Segmentation fault when using a shared_ptr for private_key
Global variables, and especially singletons, are the scourge of multithreaded, complex applications. You'll be always running into such problems with this sort of design.
Here's what I usually do: everything global gets defined as a local variable in main
or some sub-function, in proper order, so that it gets destroyed in an appropriate reverse order. Dependency-injection-like techniques can be used to pass those objects around in cases where "almost everything" depends on them. It took me some pain to realize that this was essentially the only way that was debuggable in large, complex applications (think 2M loc between the app itself and the dozens of libraries it uses outside of the C++ library). After the globals got eviscerated from the bespoke code, and then from a few problematic libraries, the specter of "death on closure" pretty much vanished. I don't guarantee that it'll fix everyone's problems - since people can be quite creative at coming up with new ones - but it's IMHO a step in the right direction.
This is an example of static de-initialization order ‘fiasco’.
There are technics to prevent this, but as you link libraries they might not work as you can't control their life time.
So the best solution might be to explicit clear the content of globalCreds
before the program exits, at end of main or in an atexit function.
Next best is to leak the structure if there is no need to clean up.
How to leak example taken from isocpp
TLS::credentials& x() {
static TLS::credentials* creds = new TLS::credentials();
return *creds;
}
TLS::credentials &globalCreds = x();
Yes that offends my feeling of neatness too.
But this is just work arounds, globalCreds
should be created in main
, passed to the classes (that are also created in main, after Creds) that needs it as a reference.
Author of Botan replied to me that
The problem is the globally defined object.

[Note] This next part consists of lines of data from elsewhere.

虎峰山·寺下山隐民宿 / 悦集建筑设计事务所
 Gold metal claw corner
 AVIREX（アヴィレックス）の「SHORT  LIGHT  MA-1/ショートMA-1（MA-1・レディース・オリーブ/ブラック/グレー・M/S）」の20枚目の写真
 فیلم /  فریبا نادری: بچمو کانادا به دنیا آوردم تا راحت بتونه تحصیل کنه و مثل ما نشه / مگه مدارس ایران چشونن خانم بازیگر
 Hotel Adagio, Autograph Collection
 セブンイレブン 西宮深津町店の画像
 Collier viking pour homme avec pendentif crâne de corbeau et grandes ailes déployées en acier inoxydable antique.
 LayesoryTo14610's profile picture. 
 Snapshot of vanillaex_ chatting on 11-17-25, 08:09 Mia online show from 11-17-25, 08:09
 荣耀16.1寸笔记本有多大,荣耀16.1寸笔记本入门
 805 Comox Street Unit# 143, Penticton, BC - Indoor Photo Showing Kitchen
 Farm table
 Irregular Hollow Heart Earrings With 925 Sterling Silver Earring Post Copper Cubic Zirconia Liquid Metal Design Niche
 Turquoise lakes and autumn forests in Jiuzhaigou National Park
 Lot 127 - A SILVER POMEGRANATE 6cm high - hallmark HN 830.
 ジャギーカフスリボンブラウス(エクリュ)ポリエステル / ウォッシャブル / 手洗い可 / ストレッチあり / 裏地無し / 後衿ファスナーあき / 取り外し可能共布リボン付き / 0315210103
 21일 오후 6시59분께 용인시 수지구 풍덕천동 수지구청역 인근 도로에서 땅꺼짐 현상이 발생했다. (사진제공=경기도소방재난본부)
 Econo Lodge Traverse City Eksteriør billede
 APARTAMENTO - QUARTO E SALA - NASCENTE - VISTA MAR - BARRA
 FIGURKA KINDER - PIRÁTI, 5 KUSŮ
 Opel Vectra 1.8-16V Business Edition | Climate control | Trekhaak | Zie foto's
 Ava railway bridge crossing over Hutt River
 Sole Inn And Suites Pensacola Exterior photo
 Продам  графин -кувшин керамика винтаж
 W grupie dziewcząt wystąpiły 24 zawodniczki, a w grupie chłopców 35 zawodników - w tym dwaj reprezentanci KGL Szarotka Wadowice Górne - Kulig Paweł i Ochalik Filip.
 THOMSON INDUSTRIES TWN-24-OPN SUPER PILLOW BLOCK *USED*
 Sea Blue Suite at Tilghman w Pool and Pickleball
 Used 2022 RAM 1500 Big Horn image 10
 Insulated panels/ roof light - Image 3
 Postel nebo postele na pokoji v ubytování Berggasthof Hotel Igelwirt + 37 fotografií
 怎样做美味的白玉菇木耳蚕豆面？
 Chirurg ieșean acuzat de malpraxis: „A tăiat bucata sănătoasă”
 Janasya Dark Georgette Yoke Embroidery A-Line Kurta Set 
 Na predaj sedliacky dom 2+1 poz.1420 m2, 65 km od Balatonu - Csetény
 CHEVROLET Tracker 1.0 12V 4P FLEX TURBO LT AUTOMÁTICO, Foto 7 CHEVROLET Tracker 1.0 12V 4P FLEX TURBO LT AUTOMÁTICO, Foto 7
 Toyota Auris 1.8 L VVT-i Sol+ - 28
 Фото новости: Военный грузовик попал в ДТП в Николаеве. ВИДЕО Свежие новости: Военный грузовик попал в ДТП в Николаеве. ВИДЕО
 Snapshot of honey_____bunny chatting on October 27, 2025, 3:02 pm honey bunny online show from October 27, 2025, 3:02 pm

The problem is that the mlock pool is a singleton created on first use then destroyed sometime after main returns. First your object is created. It allocates memory. This results in the pool being created. Destruction happens LIFO. So first the pool is destroyed. Then your object is destroyed, and attempts to touch memory (to zero it) which has already been unmapped.
Workarounds,
- Create a Botan::Allocator_Initializer object to force initialization before your object is created (thus the pool lives until after your object has been destructed)
- Disable locking_allocator module
- Set env var BOTAN_MLOCK_POOL_SIZE to 0
- No global vars
In principle the locking allocator instead of munmaping the memory, just zeros it, and leave it to be unmapped by the OS on process exit. This might still break invariants, but not as badly. It also causes valgrind to reports leaks which is obnoxious.
I think because it was mmap'ed directly and not through malloc, valgrind doesn't track it.